High impact,yes it was, but I need to say that in decades that followed this followed genius's death, I've come to be weary of Hendrix when his name comes up in conversation. It's a matter of those from my high school graduating year all over the world turning this innovative musician into a deity, making him less an artist and more of a fetish item. Hendrix more or less gave us five studio albums of finished work --I am including Cry of Love and Rainbow Bridge (1971), both released posthumously, because the songs there upon are as good as the ones released during his lifetime. I think these songs are heard by us more or less (that phrase again!) as Hendrix intended. His body of finished work is a little broader than we might remember.Electric Ladyland is the best double record studio release from a rock musician. It's often guessed at what Hendrix might have expanded his guitar sound into had he not gagged on his own wretch while asleep--jazz? cosmic funk? jazz fusion with Miles Davis? electronic music? orchestral material with larger ensembles?
Electric Ladyland gives us indications that the power trio format would not long hold Hendrix-- the variety of styles, the shimmering brilliance of the production and mixing, the exhilarating guitar improvisations and the multi-tracking of guitar parts to produce a nuanced weave of sound, textures and short riffs and counter melodies playing tag in in even the strictest arrangement.
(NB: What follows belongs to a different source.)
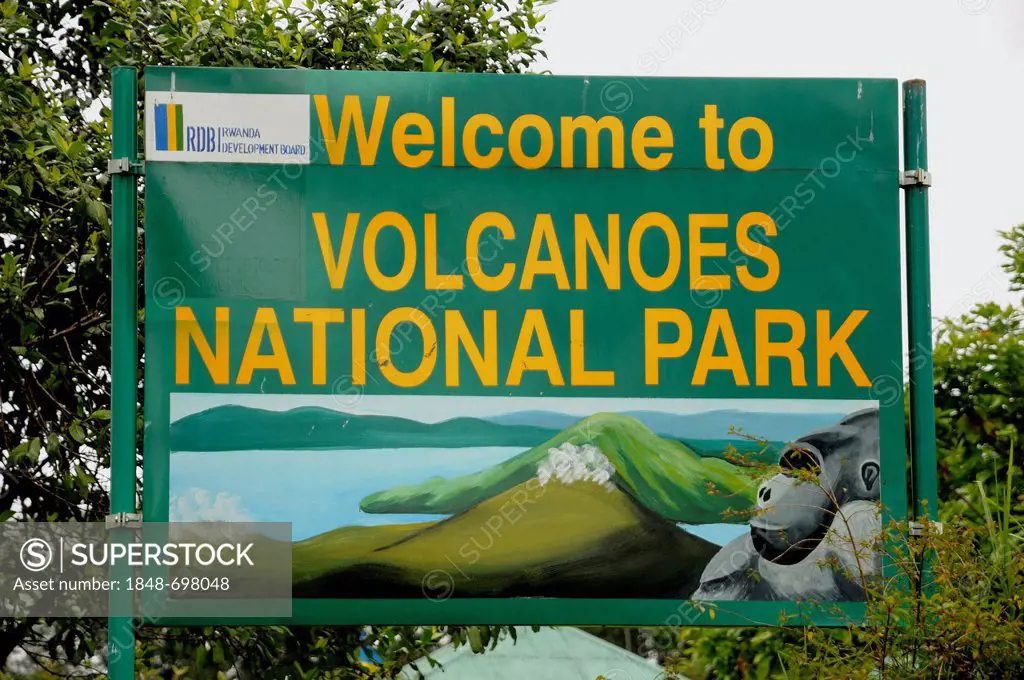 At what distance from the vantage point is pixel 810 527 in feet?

And Hendrix was about to emerge as one of the most important songwriters of his generation, not just a windup guitar hero, but an actual auteur. His lyrics had by this time taken the street grit of the urban black experience, combined it with equal doses of Muddy Waters, Miles Davis, Sun Ra, Bob Dylan, The Impressions and, yes, his good friends in Cream and created a vibrant, always engaging eclecticism that remains, soothing, bracing, energizing, whatever you need it to do all these decades later. "Burning of the Midnight Lamp", "House Burning Down", "Crosstown Traffic", "Gypsy Eyes", "1983 (a merman I should be)...".
These songs were the work of a writer coming into his own as both melodist and lyricist. Yes, lets give credit for his interpretations of Dylan and Earl Hooker, but the attraction of this album is as much about Hendrix's own compositions as it is his guitar prowess. And make no mistake, I am one who thinks that this is a rock guitar record that is unlikely to be equaled by anyone at any time. It showcases everything that Hendrix could do with the latent talent that he had and it revealed, as well, how he could absorb influences, other styles of music and juggle personas as he merged, melded and mashed together genres that wouldn't normally be a good fit for one another but which, in Hendrix's imagination and application, resulted in sounds that exhibited the dual qualities of sounding new, distinct, the work of no other, but which also made you appreciate how organic his inventiveness sounded. Even with all the electronic hardware and studio technology in his employ, his personality was never buried under the audio brilliance . Somehow it all linked to the blues tradition of old, the fabled grizzled, trouble black troubadour on a stage, a porch, a campfire, playing his funky rhythms on guitar and speaking his mind on what haunts him and what vague hopes keep him moving to the next day. Hendrix spoke of his world and made the special effects a servent to his all consuming muse.This album makes me think that the loss of Jimi Hendrix is about the only instance where the world was robbed ; we lost fifty years of genius with his departure.